Amid those Bombed-Out Debris of an Apartment Block, I Saw a Book I Had Rendered

Among the rubble of a destroyed apartment block, a particular sight stayed with me: a tome I had translated from the English language to Persian, resting half-buried in dust and soot. Its cover was torn and stained, its leaves curled and scorched, but it was still legible. Still communicating.

A City During Attack

Two days earlier, rockets began striking the city. There were no sirens, just sudden, forceful explosions. The web was completely disconnected. I was in my flat, working on a book about what it means to move language across cultures, and the ethics and worries of taking on another’s perspective. As structures fell, I sat polishing a text that argued, in its understated way, for the endurance of significance.

Everything stopped. A manuscript my publishing house had been about to go to print was stranded when the facility shut down. Retailers shut one by one. One night, when the explosions were too close, my family and I ran down the stairs toward the cellar. I couldn’t stop dwelling on the library in my apartment, holding lexicons, hard-to-find editions I had spent years gathering and every book I had ever translated. That collection was my career's work, and I didn’t know if I, or it, would endure the night.

Distance and Grief

My partner left with her parents for what they thought would be more secure locations – places that, days later, were also struck. My daughter travelled to stay in another city. As her train was departing, she sent me a picture: in the distance, a factory was burning, black smoke spiraling into the sky. People closest to me were suddenly somewhere else, and danger seemed to chase them.

During those days, moods passed over the city like a storm: sudden fear, unease, moral outrage at the wrong, then apathy. Beyond the emotional toll, the bombardment eradicated my ability to work. Without electricity and the internet, I had no access to the instant queries and materials that the work demands.

Outside, concussive forces tore windows from their frames; at a family member's house, every window was destroyed, the possessions lay damaged, household items scattered throughout the rooms. When I visited, a woman sat before the ruins, creating at an stand, choosing not to let quiet and dirt have the last word.

Translating Sorrow

A picture spread online of a 23-year-old artist who was killed when missiles struck a building. Her poem went viral next to her image. On a street where I once bought dictionaries, I saw an aged woman dashing between alleyways, shouting a name. Neighbours said she had mourned a son in a conflict over 30 years ago, and now, the bombs had triggered some repressed recollection. She was searching for a child who would never come home.

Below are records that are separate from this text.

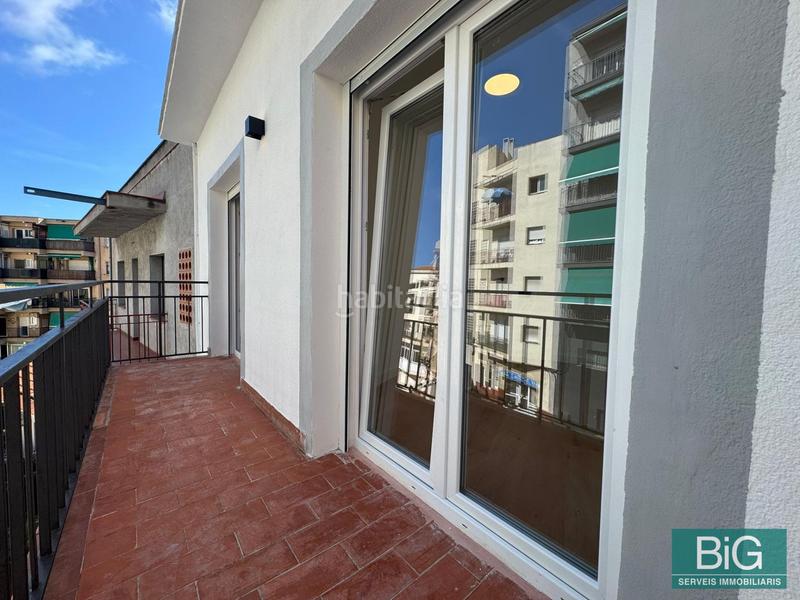 Foto 7c211db4-733e-4fdb-8d01-fdd4d3903116. Piso ático reformado a estrenar terraza privada 38m2 en Mataró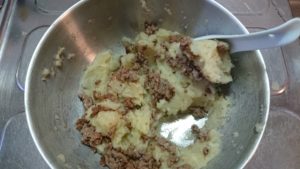 キテレツ大百科のOP「お料理行進曲」の歌詞通りコロッケ作ったら衝撃の結末に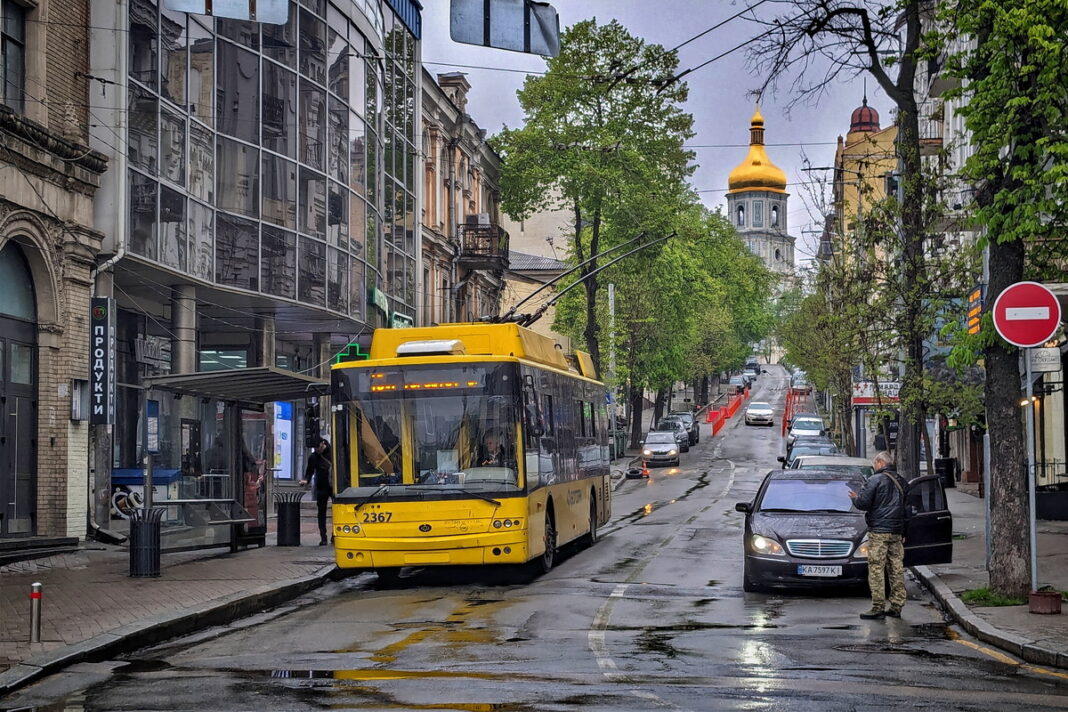 Громадський транспорт у Києві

We were all transforming, in our own way: changing devastation into image, death into poetry, sorrow into longing.

Translation as Defiance

A week after the attacks began, still amidst devastation, I found myself rendering a children’s tale about a king whose daughter will heal only if she can possess the moon. Though written for children, it carried profound meaning for me then. The author, who experienced the loss of his sight yet kept working until the end of his life, understood something about reaching for the unreachable. I wondered if the moon was the tranquility we all yearned for – seemingly impossible, yet still worth striving for.

During those nights, I understood translation as something more than a skill: it was an act of perseverance, of remaining, of holding on.

One day, in broad sunlight, blasts hit a prison; in those same hours, I was translating passages about a political thinker in his prison cell, asking for more resources, insisting that linguistic work become his “predominant activity”. For him, translation was – as the author puts it – “a reality, goal, practice, anchor, and metaphor” all at once.

A Marked Voice

And then came the picture. I noticed it on a platform and saw that, within the ruins of another apartment block, lay one of my old renditions, damaged but surviving, my name printed on the cover. The image was in color, but it might as well have been devoid of color, drained of life among the rubble and wreckage. For most of my career, I had been invisible, as all translators are. But here was my work made apparent – scarred, but persisting.

I stared at the image for a long time. The author writes that “all translation is a statement”, but I had never felt the complete significance of this until then. To translate, even under attack, was to say: “this voice mattered”. It will not be forgotten. To translate is not just to transport stories across languages, but to help them remain when everything else crumbles. It is a quiet, unyielding rejection to vanish.

Casey Patton
Casey Patton

A tech enthusiast and digital strategist with a passion for exploring emerging technologies and sharing practical insights.